Wednesday, February 08, 2012

2011 Music Lists (3)

Long time coming: 2011's #5-1

5. Tune-Yards – Whokill

“My Country,” the stunning opener of Whokill, is a barbaric yawp, a righteous tantrum and a declaration of independence. For 3.5 minutes, Merrill Garbus absolutely shreds my country with X-Acto jabs, and then defies genre-fication over the remaining nine tracks. This album bulges with Hard Rain pictures of life in America, and Garbus is raw, hopeful, seductive, ruthless and terrified in the face of her homeland experience. This album astonishes both lyrically and sonically, as each track builds into an agile sonic vessel for such diverse and powerful subject matter.


4. Miracle Fortress – Was I the Wave?

Over the last few years I’ve seen more of this “chill wave” creep into my discography. It isn’t an accident, it turns out. Was I the Wave? was immediately easy to love. Icy intro “Awe” seamlessly blurs into “Tracers,” setting an unaffected mood, but Miracle Fortress get more melodic and more sonically interesting on “Raw Spectacle.” The Drop comes about halfway in while maintaining its breathy melody and flitting synths. “Spectre” evolves further with bright melodies and harmonies riding a tide of 80s dance pop. Several songs hit the sweet spot of melodic and standoffish, dance-y grooves. I can’t help but shake my white self. “Everything Works” and “Miscalculations” continue in the same vein. You get the picture.


3. Davila 666 – Tan Bajo

“Menudo on drugs” can only partially describe Davila 666’s squalor-filled Puerto Rican punk. Cringe-inducing lyrics such as “no te gusta que te toquen, pues cabrona no provoques” abound as do tales of societal unrest (“Esa Nena Nunca Regresó”), frustrated relationships (“Yo Sería Otro”) and general angst (“¡Diablo!”). Aside from aligning themselves with punk’s thematic cannon, Davila 666 string plenty of hooks together to give extra thrust to their desperation. I like “Noche de Terror” in particular; it might be the strongest single song for its bouncing chorus that celebrates horror and pleasure. This blending of fear, anger and vulnerability make for a unique feel throughout and is one of the reasons that Davila 666 made the best album foreign album I heard all year.
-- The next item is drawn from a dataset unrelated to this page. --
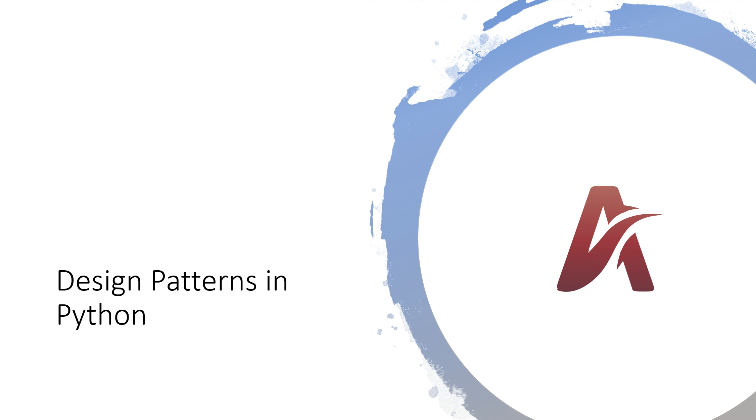From this video I am going to start a new series for design patterns using programming language Python. In this video I am going to give you a brief introduction of design patterns, and then from the next video onwards we will learn all the design patterns one by one. So let's get started.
2. Kurt Vile – Smoke Ring for My Halo

“I don’t wanna change, but I don’t wanna stay the same

I don’t wanna go but I’m runnin’

I don’t wanna work but I don’t wanna sit around

all day frownin.”

He’s a bit more depressed than the restless troubadours of On the Road, but Kurt Vile hangs his hat on a come-what-may ethos fleshed out in these acoustic musings. I’m mostly reminded of Tom Petty on songs “Jesus Fever” and “In My Time,” but other forefathers may surface elsewhere. Smoke Ring for My Halo: bed-ridden folk in a bottle that washed up on my shore. It might not have.


1. The Dodos – No Color

2008’s Visiter’s torrent of acoustic fury and chaotic percussion was just so damn unexpected. The following year’s Time to Die collapsed under its predecessor’s weight (for me). A sophomore slump? Perhaps. The Dodos experimented with more ornate arrangements (strings, etc.) in lieu of their earlier base formula: rabidly-strummed guitar and manic banging of sticks on drumlike things. 2011’s No Color was a cautious reach for me; I didn’t want The Dodos to end up a one-off in my memory when their sound was so unique and expressive. Happily, as you may discern from the ranking, to my ear No Color is everything Time to Die wanted to be so badly. Here, The Dodos careen through nine tracks of the same acoustic earnestness that made Visiter so exciting while also finding time to work in a decent amount of peripheral instruments. “Uhhhhhhhhhhh!!!” I’m listening to it now and that’s the only sound that expresses what it feels like to hear any of the first several tracks. They carry so much emotional intensity with just the instrumentation. Then, overlaid with sincere (and occasionally deeply profound) lyrics, sung in increasingly inviting melodies is just too. damn. good. for me to express. Loud live The Dodos.